Hartford Said to Seek Sale of Japanese Annuity UnitMatthew Monks and Zachary Tracer
Hartford Financial Services Group Inc., the insurance company pruning operations after an activist investor urged it to split up last year, hired Deutsche Bank AG to seek a buyer for its Japanese business, people with knowledge of the matter said.
The people asked not to be identified because the process is private. The Japan unit had about 400,000 variable annuities contracts invested in stocks and bonds worth $27 billion as of March 31, according to a presentation to investors on April 11. Hartford had another $67 billion of annuities in the U.S. and U.K., according to the presentation.
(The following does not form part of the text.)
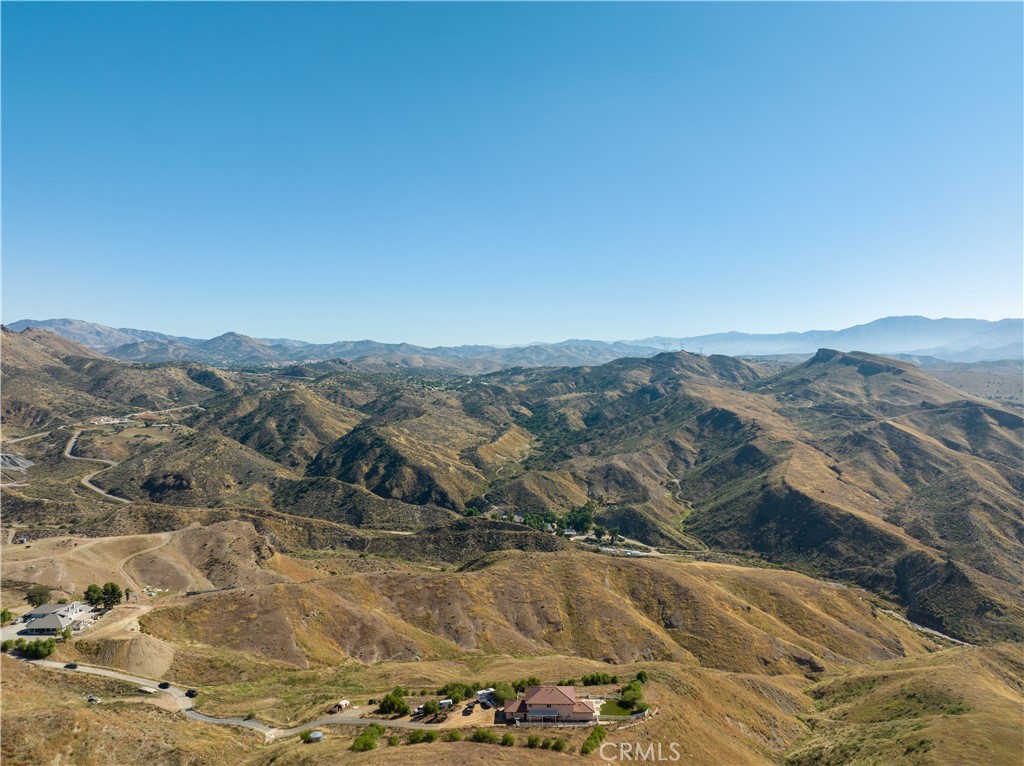 13560 Sego Road Agua Dulce, CA 91390 - Photo 71 of 75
Hartford has been retreating from life insurance and annuities under Chief Executive Officer Liam McGee to focus on property-casualty. Billionaire John Paulson, formerly Hartford’s largest shareholder, pressed McGee to spin off property and casualty from its life-insurance business in February 2012 to increase shareholder value. Annuities had saddled the firm with ballooning liabilities during the financial crisis.
The Hartford, Connecticut-based company stopped selling annuities overseas in 2009 and sold its retirement plans and individual life-insurance businesses this year.
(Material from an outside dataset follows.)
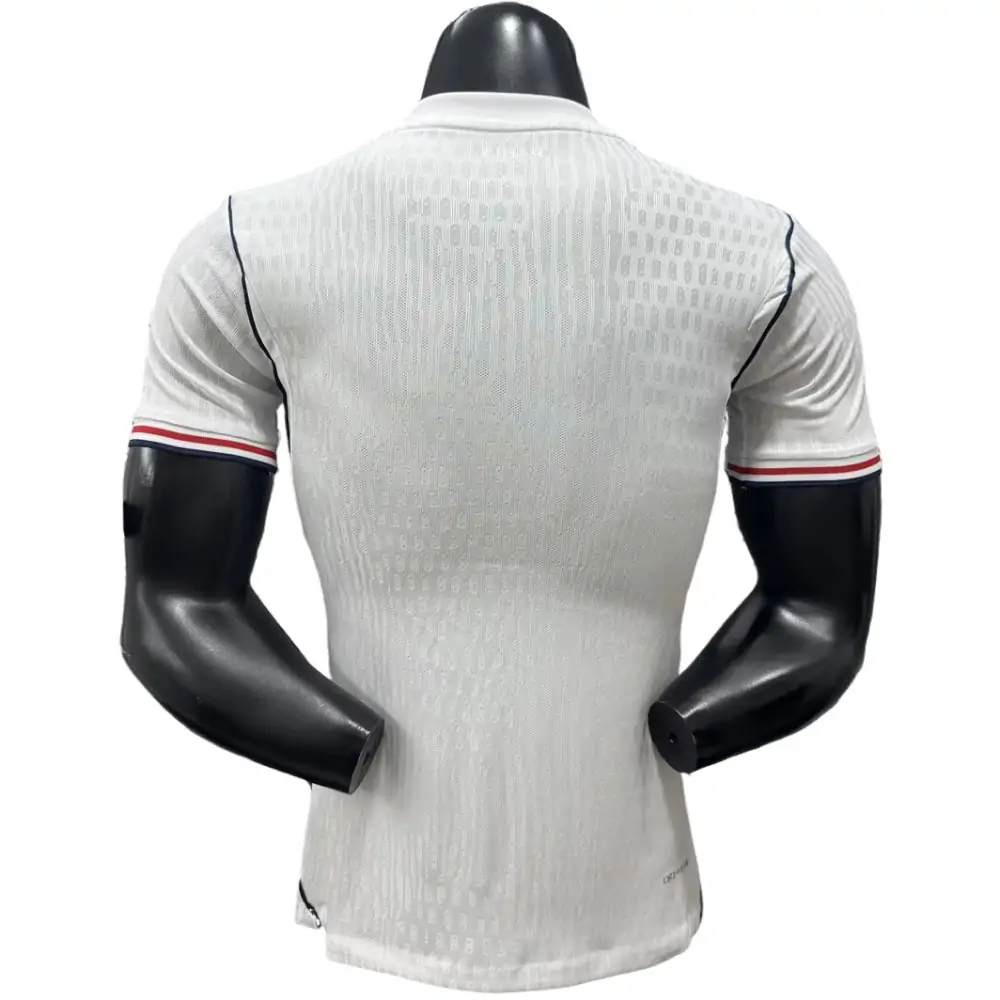 {{product_name}} High Quality Replica Football Jersey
Shannon Lapierre, a spokeswoman for Hartford, declined to comment, as did Mayura Hooper, a spokeswoman for Deutsche Bank.
Hartford gave its Japanese annuities business a so-called market consistent value, a measure tied to cash flow, claims and expenses, of negative $1.2 billion as of March 31, according to the presentation to investors last month. Market consistent value “does not reflect the price a buyer would pay or receive for the block,” the presentation shows.
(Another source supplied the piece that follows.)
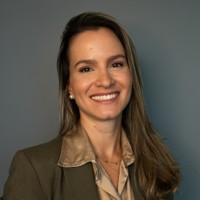 Priscila Schapke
Selling the Japanese business could be difficult because it is unclear how much it is worth, said Nina Gupta, an analyst with Portales Partners in New York.
“They are shrinking it on their own at a fairly decent pace,” she said. “I don’t think they would sell it unless the pricing is very attractive.”
Variable annuities are insurance contracts with payouts tied to the performance of bond and stock markets. Sun Life Financial Inc. and other insurers have struck deals to divest annuities because low rates have made it costlier for them to cover the guarantees embedded in such contracts.
Beth Bombara, who oversees the annuities units at Hartford, told investors last month that the firm would consider divesting annuities at the right price.